It's with a childlike wonder and awe that Mina Hamada navigates thoughts and dreams and transcribes them onto walls - bringing her imagination out into the physical world.
The love for murals began in one of the world capitals of street art - Barcelona. Hamada fell for the way the art on the streets looked. The city of Barcelona is an incredible place, a true trendsetting environment, kindly decorated by some of street art's greatest pioneers.
Hamada is American by birth, but was raised in Tokyo. These strong visual culture helped lay the foundations for Hamada's creations. In large-scale colourful murals, abstract shapes collide and collate with fruits, animals and instruments in a way that only a dream could formulate. From a distance, the jigsaw-like compositions look like a Technicolor Guernica by Pablo Picasso - although theme and tone are vastly different, they're both vast messages asking to be decoded.

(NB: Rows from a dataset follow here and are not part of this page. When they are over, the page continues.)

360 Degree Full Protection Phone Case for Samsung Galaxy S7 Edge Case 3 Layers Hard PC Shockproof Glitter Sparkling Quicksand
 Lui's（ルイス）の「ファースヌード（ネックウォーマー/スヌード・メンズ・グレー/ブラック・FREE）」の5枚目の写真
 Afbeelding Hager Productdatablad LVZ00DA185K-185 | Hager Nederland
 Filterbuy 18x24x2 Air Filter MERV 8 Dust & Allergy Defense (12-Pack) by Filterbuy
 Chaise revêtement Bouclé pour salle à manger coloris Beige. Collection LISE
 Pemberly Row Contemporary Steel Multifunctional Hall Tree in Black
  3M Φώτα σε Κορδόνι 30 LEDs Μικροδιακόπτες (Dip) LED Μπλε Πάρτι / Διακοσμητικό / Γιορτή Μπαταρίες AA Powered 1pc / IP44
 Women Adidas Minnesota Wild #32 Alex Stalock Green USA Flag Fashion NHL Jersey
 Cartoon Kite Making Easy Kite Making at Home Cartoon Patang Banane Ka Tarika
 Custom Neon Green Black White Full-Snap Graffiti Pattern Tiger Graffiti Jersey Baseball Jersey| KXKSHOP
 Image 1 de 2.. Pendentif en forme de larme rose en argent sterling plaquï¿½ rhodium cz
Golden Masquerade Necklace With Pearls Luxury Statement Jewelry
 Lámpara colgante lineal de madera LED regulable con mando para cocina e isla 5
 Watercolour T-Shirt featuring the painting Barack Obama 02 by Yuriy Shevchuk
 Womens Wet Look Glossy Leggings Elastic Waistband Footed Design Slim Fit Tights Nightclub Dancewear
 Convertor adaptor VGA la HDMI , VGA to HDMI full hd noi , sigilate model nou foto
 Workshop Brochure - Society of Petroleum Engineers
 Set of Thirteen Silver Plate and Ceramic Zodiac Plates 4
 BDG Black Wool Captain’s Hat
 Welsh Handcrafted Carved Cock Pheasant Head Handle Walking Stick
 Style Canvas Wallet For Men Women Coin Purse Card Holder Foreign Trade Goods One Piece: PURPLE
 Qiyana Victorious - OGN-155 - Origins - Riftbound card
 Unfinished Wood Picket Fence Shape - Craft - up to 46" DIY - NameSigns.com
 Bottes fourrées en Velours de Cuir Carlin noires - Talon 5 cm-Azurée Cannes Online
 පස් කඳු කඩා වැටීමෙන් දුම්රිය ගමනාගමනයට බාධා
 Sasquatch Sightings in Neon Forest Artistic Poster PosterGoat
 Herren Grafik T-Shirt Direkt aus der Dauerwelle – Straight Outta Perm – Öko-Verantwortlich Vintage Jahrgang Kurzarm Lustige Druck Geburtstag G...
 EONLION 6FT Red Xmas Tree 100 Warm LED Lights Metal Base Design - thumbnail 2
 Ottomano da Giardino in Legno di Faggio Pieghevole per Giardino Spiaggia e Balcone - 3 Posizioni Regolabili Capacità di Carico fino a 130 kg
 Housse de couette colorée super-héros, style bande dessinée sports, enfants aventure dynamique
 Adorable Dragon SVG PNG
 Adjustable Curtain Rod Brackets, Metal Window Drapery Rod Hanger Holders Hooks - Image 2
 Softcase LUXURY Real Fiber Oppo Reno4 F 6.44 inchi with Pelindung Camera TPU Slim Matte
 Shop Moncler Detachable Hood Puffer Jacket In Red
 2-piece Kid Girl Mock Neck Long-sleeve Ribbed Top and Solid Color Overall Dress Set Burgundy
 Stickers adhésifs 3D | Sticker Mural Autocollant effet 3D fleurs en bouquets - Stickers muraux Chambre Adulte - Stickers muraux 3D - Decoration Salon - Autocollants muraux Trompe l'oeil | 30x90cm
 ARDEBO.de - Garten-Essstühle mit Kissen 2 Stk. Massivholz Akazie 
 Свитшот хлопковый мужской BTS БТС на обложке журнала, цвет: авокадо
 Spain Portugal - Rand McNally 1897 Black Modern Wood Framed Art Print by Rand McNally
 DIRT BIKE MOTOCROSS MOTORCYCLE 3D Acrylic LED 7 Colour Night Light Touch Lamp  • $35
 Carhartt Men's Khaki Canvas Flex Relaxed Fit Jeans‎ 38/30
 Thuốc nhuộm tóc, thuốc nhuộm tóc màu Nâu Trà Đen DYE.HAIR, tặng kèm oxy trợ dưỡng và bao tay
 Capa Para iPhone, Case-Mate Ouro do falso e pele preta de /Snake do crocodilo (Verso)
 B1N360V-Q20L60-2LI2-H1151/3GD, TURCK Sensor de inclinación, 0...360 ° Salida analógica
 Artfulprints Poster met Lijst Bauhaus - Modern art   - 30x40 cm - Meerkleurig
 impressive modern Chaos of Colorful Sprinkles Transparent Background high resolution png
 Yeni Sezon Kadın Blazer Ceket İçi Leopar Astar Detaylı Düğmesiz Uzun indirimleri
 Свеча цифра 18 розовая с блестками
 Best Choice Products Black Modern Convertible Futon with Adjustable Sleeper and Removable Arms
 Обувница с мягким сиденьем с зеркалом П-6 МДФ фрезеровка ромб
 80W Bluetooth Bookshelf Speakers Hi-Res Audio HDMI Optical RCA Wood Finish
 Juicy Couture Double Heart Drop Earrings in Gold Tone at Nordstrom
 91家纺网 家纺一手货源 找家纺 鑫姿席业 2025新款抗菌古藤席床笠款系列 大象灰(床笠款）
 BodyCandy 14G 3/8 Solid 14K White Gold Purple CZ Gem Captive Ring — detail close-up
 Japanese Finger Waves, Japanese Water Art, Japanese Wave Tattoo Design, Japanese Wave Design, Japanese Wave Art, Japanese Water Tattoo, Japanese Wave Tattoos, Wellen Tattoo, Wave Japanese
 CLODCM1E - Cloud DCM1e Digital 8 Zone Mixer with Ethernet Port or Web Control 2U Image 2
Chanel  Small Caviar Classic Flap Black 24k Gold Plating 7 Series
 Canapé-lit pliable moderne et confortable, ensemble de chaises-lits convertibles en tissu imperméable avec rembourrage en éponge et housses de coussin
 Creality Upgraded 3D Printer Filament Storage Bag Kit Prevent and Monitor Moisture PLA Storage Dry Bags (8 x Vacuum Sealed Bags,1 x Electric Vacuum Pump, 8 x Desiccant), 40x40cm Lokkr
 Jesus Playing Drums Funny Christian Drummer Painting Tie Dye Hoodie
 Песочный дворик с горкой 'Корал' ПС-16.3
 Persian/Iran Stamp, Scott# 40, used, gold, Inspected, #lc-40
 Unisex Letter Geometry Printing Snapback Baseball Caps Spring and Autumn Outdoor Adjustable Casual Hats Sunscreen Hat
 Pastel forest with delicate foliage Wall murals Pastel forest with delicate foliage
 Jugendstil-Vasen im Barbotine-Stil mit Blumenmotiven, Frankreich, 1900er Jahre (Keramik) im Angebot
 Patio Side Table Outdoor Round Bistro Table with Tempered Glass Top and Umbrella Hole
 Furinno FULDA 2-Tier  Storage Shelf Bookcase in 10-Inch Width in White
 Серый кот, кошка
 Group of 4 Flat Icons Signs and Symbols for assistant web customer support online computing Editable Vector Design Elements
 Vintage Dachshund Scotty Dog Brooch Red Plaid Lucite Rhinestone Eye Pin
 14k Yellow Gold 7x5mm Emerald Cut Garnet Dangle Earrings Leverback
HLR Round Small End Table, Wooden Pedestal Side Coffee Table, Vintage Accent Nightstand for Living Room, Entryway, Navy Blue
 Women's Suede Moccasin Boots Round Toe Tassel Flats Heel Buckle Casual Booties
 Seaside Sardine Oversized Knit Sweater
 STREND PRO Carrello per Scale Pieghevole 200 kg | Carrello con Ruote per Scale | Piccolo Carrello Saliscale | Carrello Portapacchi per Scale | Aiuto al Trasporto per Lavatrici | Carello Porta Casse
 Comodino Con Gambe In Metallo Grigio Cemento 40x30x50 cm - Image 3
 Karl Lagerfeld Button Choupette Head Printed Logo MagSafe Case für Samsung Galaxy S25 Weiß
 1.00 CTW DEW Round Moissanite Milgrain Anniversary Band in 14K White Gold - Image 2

Collaboration with other artists is important in her work, but her internalised collaboration with two sides of herself, the conscious and unconscious, is perhaps the most dazzling. The free-form quality of the pieces have a jazz-like spontaneity - who says that dreams only happen when you sleep?
In these creation-dream states, Hamada has said that once the artwork is finished she is often surprised with the results, as if what she has been doing wasn't entirely thought through, but an improvisation with the environment and her feelings.
Themes often associated with Eastern and Western culture appear in her artwork. That makes sense, afterall if the work comes from what's inside you, then displaying your upbringing and heritage seems natural. By channelling her own energy, the pieces have a vibrant spirit of their own. It's something that surprises both her and us. What will come next depends on how much of her own mind she is willing to reveal.